Working from the records below, repeat exactly the lines starting at the line that contains "Senior citizens show" and ending at the line that contains "A bathroom with", inclusive.

§ Supplied information
··········

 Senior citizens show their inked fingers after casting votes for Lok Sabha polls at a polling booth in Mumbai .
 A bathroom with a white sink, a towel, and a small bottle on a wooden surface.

··········

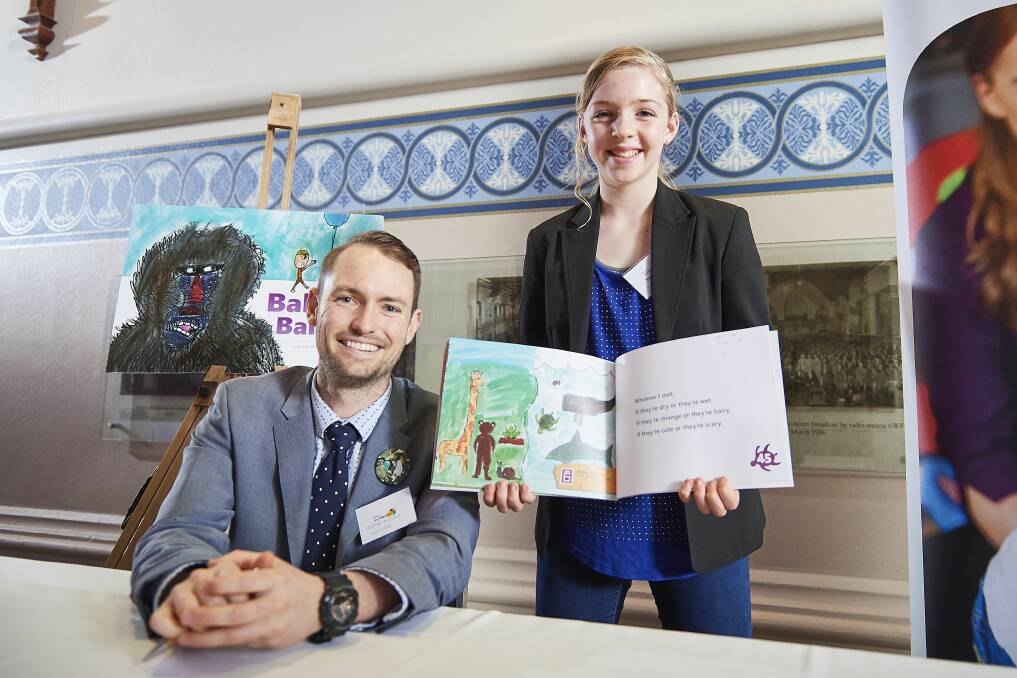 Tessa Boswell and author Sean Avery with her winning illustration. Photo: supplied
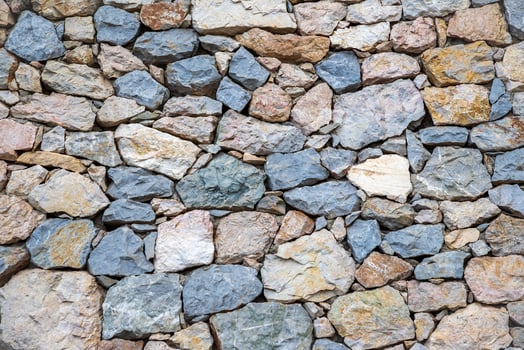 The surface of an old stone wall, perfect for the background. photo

··········

§ Response to the exercise
 Senior citizens show their inked fingers after casting votes for Lok Sabha polls at a polling booth in Mumbai .
 A bathroom with a white sink, a towel, and a small bottle on a wooden surface.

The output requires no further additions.